Even when not in the malls, it was a just place for kids to "go".

Archie & The Gang had Pop Tate's... we had Duncan's; the Arcade/Pool Hall/Takeout (where I'm from).

Link to comment
Share on other sites

My priority was the games. I loved the sights and sounds of the machines. Some arcades had a great setting with nice lighting and signage.

 

I don't recall much "social" about arcades. I went to play the games, not to hang out with people. Most of my friends were the same, we all pretty much kept to ourselves and focused on the games. There was plenty of socializing at school, sports, and elsewhere, places that didn't have arcade machines. We would definitely talk about the games after we left, but not so much when we were there. It was incredibly annoying when someone came up staring a conversation in the middle of a good game, destroying the zone, leading to an unnecessary and premature game over.

 

Home console and computer gaming was different, we gave each other tips and were much more social. But not at the arcade, that was serious gaming time :D

Link to comment
Share on other sites

I grew up in Carol Stream, IL which had the very large Galaxy World to play in. It was the place were I first experienced games like Zaxxon, Tron, Tempest. They also had older games like Warlords, which was a lot of fun. Only bad memory I have from that place is running out of money. ;)

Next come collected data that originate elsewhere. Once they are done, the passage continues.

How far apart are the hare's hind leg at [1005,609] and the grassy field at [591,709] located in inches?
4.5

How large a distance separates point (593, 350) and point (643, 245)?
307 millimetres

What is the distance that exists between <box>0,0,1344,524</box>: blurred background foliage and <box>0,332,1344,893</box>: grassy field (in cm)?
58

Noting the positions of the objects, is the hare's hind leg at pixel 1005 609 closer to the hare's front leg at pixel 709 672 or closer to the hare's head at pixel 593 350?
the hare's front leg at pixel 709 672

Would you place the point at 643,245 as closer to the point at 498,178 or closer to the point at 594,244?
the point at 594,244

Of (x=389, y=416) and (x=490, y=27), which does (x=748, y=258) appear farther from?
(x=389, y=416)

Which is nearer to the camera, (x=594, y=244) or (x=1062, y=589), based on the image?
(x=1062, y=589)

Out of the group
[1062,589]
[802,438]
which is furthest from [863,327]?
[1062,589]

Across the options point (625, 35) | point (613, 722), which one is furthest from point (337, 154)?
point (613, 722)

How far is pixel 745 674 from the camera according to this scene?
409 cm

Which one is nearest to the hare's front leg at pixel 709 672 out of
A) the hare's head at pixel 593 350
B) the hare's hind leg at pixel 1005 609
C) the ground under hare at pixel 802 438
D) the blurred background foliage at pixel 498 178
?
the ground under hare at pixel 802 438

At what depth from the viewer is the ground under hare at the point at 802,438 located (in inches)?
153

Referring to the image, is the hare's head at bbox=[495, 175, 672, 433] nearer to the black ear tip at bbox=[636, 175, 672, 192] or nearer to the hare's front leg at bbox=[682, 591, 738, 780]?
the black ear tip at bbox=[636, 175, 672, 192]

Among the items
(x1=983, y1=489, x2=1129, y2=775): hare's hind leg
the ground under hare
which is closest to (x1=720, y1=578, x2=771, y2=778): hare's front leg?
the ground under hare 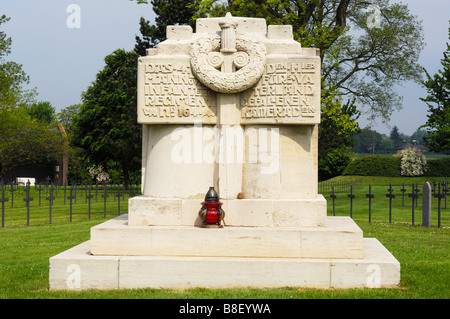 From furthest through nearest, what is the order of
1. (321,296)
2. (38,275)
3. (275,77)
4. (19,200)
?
(19,200), (38,275), (275,77), (321,296)

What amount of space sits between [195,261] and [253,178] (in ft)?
4.80

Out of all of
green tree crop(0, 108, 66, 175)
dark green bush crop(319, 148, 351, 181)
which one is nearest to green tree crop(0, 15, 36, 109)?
green tree crop(0, 108, 66, 175)

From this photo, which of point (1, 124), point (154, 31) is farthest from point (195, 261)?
point (1, 124)

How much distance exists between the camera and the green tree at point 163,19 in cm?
3309

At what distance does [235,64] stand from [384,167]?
3885 centimetres

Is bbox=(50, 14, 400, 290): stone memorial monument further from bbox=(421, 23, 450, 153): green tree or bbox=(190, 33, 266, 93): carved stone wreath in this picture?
bbox=(421, 23, 450, 153): green tree

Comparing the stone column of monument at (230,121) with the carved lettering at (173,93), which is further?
the carved lettering at (173,93)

I used to hang out there all the time. Sometimes playing games, sometimes getting high, other times leering at the wiminz. I even had a business proposal going for my own arcade.

Link to comment
Share on other sites

I loved all the bright colours, which stood out because of the dark lighting. The sounds were nice too, if it wasn't all too loud. The mix of new games with old games. Seeing games that were much better than what you could get at home. It was like playing the next generation. I didn't have much money to play, but I liked watching the good players, and learning tricks from them.

 

It was depressing how all the arcades got rattier and rattier over time. Fewer and fewer new games. Eventually the consoles even surpassed them in quality. Sad.

Link to comment
Share on other sites

I loved the amount of games and the variety. It was cool to walk into a new arcade and more or less instantly know all the games and where they were simply from the sound effects. I bought those Arcade Ambiance CDs just to relive that feeling from time to time. Unlike some here I don't think that home consoles ever caught up to arcade cabinets. Yes, in terms of CPU speed and raster displays but no home unit, except maybe the Vectrex, has ever equaled the vector displays from the classic arcade games, and no console has the array of controllers (with their custom layouts) that arcade games had as a whole. I miss that the most, I think.

 

I love the side art for the games (those games where you could see their sides, at least) and the dimly-lit rooms the games were in. As someone else mentioned, the blast from sunlight when I left was cool in a painful way (you can do that now if you spend all night in a 24-hour strip club in Vegas, haahahaa). The scene in "Tron" at Flynn's is a fantastic representation of the overall arcade vibe. I agree that once arcade games became nothing but 1st-person shooter games and 1st-person racing games I stopped giving a shit. I liked that nervous feeling you could get when trying a new game, others watching you to see if you sucked or not. It was fun, sometimes, to just watch a real pro go at a game and kick its ass, too, it was like nerd ballet.

 

The worst thing that happened to arcade games, from my point of view, was that the resolution got a little better. When games were 8-bit based you had to fill in a lot of blanks for what the game claimed you were looking at (vectors most of all). The ships, the enemies, the locations, they were all approximations, very abstract. I think Xevious was probably the best of the "worst" looking of the era in terms of detail. But after that, games got more detailed sprites and graphics. But they were still far far away from today's "photoreal" games. Yet they were detailed enough for you to notice how bad the representations were. Meaning now the crudely-shaded and shadowed ships and enemies were no longer abstractions but instead really shitty versions of the actual things they claimed to be. That turned me off completely. I guess I'm biased because I was around for when Space Invaders and Galaxian were new but I always preferred the LEGO block designs of early sprites and ships and enemies (and vector wireframe versions). But looking at something try to look real, and really failing at it (a lot of those Mortal Kombat style side-view fighting games), that was miserable to me, particularly when the game was trying to represent people. Spaceships and vehicles were more tolerable at that resolution and detail. But games makers started focusing on the visuals (how realistic they could make the various elements) and not the gameplay.

 

Lots of games in the late '80s and beyond devolved down to 1 joystick and 2 buttons, very boring and repetitive. My favorite games usually had odd control set-ups (Tempest, Star Trek: SOS, Centipede, Lunar Lander, etc.) so that was something I remember fondly as well.

  • Like 2
Link to comment
Share on other sites

Back in the day, yes, I always felt arcade hardware was about 5 years ahead or 2 generations of consoles ahead more or less. The controllers? Ohh no. Home controllers were the most versatile and configurable and moddable things. I liked that I could use one controller across many cartridges, and I also wrote Atari that they should include DB-9 connectors so I could bring my own controllers to the arcade!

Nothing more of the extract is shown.